■ EXERCISE DIRECTIONS ■
A faithful copy of the data is the goal; set it down exactly, without the images.

■ GIVEN DATA ■

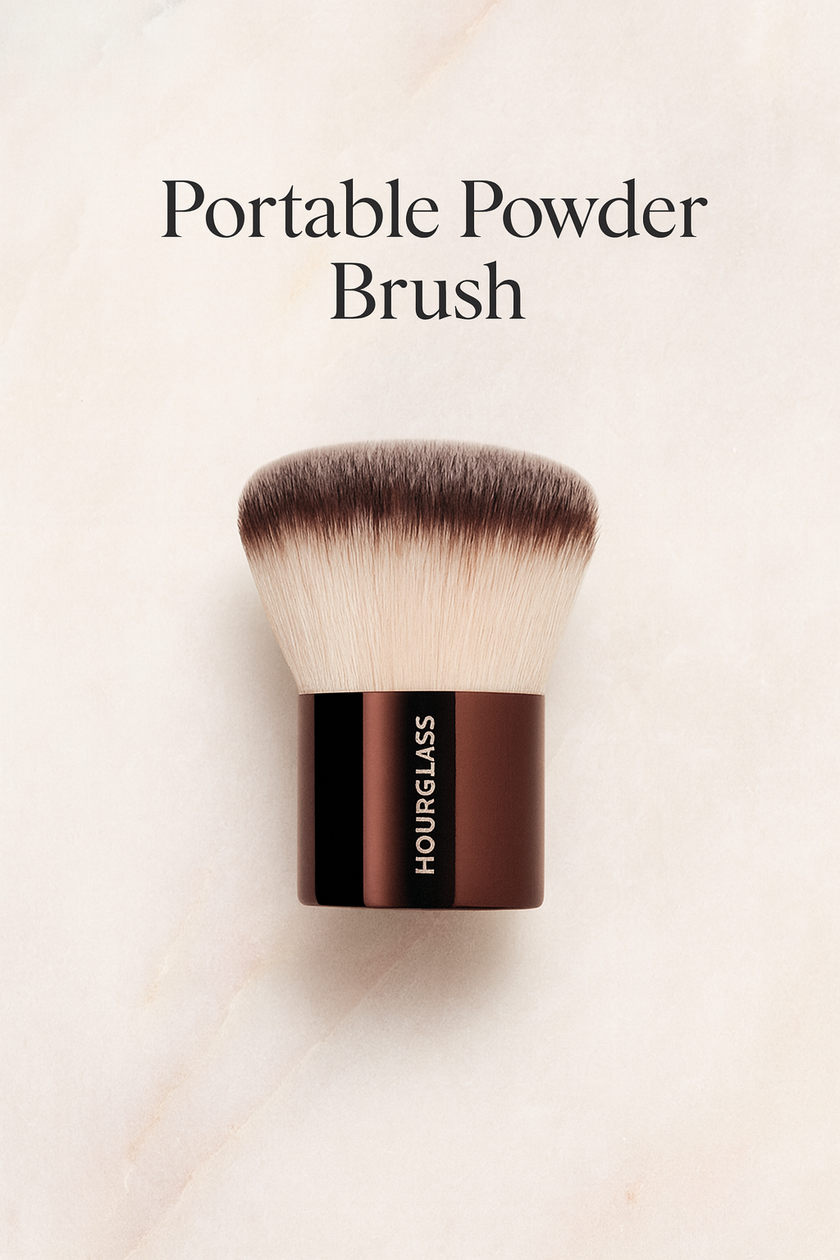 Portable Powder Brush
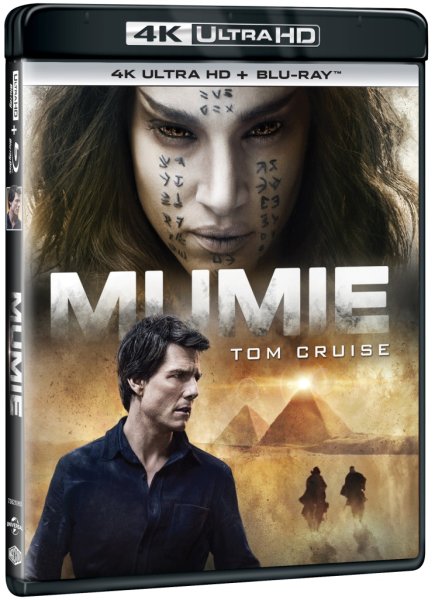 detail The Mummy (2017) - 4K Ultra HD Blu-ray + Blu-ray 2BD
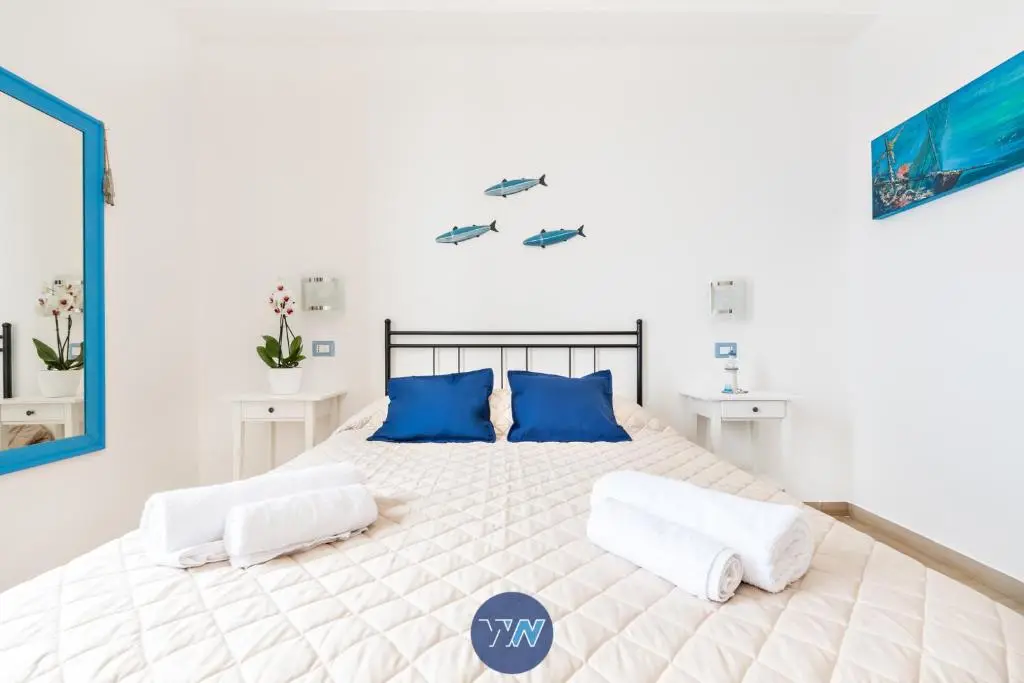 Affittacamere Arbasia De Ma bedroom option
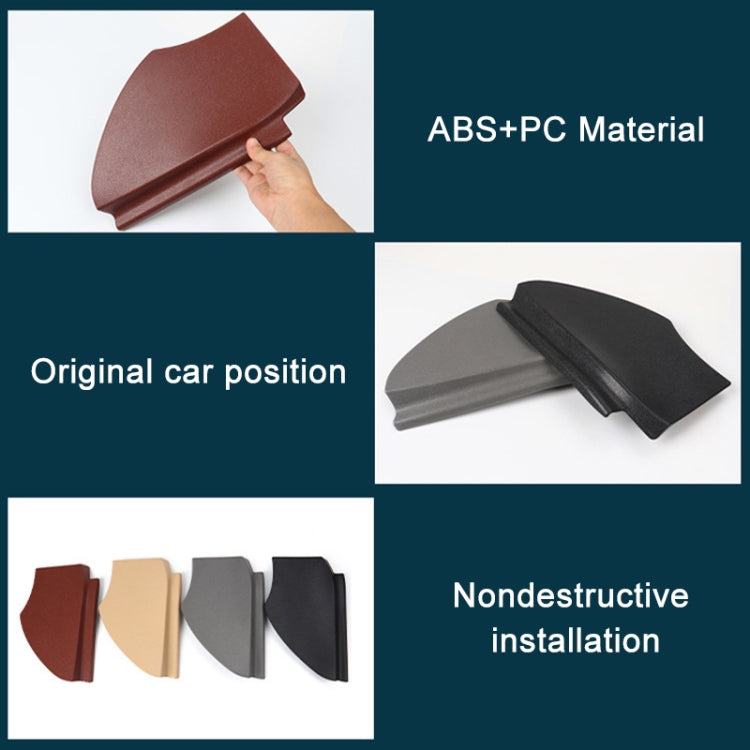 For Mercedes-Benz CLS W219 Car Left Side Front Door Trim Cover Panel 21972701287G50(Grey) - Door Handles by PMC TechLife | Online Shopping South Africa | PMC TechLife | Buy Now Pay Later Mobicred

■ PROBLEM SOLUTION ■
 Portable Powder Brush
 detail The Mummy (2017) - 4K Ultra HD Blu-ray + Blu-ray 2BD
 Affittacamere Arbasia De Ma bedroom option
 For Mercedes-Benz CLS W219 Car Left Side Front Door Trim Cover Panel 21972701287G50(Grey) - Door Handles by PMC TechLife | Online Shopping South Africa | PMC TechLife | Buy Now Pay Later Mobicred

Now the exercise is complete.